From the Win box - I can ping 192.168.0.1 (the host) and get a response.

From the Gentoo box - I can ping 192.168.0.114 (the client) and get a response

Internet sharing however, I don't get.  Perhaps there are some steps I need to do after setting up iptables, like restarting iptables (/etc/init.d/iptables restart) or rebooting, or maybe just find a pick axe   :Wink: 

----------

## herbie

You seem to be pointing you client to your gateway as a nameserver, do you have a working nameserver running on your gateway machine? if not try changing the domain-name servers in dhcpd.conf to the ones supplied by your isp or try pinging an external ip instead of a hostname from your client (eg ping 216.239.57.101).

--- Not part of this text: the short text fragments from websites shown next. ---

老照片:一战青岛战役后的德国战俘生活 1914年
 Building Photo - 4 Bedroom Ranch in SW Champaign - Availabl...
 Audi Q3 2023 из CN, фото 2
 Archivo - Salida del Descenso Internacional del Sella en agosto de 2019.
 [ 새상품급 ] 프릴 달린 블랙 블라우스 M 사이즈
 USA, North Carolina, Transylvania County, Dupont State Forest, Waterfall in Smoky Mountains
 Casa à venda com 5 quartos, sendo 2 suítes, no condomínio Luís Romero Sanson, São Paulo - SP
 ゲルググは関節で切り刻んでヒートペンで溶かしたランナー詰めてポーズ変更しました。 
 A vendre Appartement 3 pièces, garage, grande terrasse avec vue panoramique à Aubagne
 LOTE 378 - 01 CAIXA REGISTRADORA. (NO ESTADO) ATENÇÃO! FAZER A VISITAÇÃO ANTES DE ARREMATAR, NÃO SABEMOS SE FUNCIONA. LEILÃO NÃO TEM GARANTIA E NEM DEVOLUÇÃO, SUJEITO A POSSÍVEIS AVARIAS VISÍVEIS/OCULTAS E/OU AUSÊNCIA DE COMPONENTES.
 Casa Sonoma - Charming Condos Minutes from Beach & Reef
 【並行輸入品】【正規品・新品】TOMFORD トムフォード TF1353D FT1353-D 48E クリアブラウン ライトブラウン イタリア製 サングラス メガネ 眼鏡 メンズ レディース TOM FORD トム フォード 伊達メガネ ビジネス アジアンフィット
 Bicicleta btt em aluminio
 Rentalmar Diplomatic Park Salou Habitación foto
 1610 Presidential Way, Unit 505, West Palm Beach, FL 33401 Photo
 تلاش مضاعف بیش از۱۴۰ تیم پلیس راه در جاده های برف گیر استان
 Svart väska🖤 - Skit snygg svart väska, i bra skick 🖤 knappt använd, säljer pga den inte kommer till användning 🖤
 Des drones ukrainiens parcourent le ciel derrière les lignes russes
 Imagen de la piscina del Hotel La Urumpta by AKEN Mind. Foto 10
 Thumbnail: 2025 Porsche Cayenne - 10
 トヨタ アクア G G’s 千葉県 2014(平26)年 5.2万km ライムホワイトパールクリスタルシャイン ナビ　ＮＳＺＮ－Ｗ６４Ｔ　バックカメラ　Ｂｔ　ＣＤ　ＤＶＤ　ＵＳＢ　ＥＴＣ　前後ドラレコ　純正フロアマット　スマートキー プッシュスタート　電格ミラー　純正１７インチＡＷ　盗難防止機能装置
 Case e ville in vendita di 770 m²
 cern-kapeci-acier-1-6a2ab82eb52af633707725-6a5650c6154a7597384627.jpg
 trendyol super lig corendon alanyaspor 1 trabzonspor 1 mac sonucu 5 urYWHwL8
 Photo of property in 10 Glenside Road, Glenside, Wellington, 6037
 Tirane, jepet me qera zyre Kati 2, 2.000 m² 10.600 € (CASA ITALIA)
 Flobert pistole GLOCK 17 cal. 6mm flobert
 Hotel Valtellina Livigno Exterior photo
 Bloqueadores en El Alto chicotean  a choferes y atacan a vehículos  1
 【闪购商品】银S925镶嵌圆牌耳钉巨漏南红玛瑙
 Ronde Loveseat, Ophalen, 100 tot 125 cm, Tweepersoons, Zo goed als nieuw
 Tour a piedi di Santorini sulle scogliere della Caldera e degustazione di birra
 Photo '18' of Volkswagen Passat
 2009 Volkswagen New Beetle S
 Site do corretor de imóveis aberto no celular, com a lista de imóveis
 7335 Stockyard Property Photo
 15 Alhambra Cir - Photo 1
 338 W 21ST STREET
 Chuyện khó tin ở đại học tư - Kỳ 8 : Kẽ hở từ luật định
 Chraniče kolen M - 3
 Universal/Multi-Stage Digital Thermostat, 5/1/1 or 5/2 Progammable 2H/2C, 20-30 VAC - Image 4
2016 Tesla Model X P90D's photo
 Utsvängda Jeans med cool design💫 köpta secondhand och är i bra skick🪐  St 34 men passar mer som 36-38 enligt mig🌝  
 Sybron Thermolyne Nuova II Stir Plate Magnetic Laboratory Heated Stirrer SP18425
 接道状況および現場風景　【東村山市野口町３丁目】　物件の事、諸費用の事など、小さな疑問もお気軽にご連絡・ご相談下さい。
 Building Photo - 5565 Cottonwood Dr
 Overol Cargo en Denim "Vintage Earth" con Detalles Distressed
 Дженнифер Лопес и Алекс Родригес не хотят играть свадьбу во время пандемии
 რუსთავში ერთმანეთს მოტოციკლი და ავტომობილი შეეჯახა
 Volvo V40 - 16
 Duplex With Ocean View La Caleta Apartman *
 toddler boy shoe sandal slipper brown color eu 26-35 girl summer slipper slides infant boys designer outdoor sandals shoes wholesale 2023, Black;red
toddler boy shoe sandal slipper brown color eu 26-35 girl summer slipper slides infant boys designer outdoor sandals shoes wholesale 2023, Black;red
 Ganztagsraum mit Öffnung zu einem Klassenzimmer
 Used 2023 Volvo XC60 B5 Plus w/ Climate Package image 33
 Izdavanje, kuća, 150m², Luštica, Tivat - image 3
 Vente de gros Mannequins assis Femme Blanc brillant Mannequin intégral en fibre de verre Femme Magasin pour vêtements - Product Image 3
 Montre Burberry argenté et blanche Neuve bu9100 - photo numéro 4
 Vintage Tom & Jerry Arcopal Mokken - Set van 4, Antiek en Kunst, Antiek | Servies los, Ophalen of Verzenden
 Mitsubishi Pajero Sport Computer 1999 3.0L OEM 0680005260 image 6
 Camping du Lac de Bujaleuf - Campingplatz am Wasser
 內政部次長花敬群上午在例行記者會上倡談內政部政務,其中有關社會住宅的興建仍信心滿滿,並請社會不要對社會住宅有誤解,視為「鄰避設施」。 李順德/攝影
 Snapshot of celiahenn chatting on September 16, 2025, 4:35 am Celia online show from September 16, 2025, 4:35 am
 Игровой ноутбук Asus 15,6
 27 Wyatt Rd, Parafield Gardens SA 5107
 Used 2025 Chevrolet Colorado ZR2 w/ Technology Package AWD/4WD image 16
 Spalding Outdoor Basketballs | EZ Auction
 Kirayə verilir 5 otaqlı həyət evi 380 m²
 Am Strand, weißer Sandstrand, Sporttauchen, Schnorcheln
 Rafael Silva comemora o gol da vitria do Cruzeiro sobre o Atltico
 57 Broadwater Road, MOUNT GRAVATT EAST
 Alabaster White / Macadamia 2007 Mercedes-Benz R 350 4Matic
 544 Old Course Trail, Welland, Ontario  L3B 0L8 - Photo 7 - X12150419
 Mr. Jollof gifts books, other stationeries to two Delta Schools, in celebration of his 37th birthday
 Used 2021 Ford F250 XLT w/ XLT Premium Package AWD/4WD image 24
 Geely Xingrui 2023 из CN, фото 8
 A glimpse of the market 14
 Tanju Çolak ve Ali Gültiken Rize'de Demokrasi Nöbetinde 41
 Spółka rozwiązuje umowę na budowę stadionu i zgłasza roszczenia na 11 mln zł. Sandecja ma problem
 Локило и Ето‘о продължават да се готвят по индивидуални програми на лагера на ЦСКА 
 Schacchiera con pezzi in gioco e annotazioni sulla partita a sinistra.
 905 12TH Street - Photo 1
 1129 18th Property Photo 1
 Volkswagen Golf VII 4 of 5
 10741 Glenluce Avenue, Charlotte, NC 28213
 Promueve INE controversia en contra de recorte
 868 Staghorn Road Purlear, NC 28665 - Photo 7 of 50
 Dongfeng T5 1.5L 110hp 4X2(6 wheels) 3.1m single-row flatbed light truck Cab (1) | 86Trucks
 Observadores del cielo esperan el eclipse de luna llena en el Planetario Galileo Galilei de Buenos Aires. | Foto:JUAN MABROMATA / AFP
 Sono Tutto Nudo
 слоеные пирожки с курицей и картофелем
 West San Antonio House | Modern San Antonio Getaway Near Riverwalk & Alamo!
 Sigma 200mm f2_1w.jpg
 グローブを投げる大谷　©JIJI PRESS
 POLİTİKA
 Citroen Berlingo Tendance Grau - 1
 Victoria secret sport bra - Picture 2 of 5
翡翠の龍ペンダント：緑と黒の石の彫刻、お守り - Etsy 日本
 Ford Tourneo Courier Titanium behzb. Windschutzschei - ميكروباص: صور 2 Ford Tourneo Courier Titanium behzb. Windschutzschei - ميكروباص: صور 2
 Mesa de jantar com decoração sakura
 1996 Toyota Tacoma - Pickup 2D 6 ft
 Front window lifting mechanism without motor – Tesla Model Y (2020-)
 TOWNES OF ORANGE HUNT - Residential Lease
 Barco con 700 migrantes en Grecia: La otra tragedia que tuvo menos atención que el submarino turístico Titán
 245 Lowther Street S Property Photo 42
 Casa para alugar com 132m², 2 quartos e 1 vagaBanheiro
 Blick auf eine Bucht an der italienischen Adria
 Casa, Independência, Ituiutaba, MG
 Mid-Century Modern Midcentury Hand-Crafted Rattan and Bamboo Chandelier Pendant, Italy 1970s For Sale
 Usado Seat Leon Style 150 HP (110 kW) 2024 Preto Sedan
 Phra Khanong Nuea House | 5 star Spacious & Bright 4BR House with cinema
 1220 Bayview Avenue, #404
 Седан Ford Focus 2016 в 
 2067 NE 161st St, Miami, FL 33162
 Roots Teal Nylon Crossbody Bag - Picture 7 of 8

Herbie.Last edited by herbie on Mon Feb 17, 2003 5:00 pm; edited 1 time in total

----------

## darktux

Try to ping altavista.com from the windows box. If it doesn't work (which probably won't) try doing ping 209.73.180.8, if it does work, that means that you don't have a name server running on your gateway and that herbie assumes correctly

----------

## bjfontai

That's It - give yourselves a pat on the back... and now some closing info for those listening in.... 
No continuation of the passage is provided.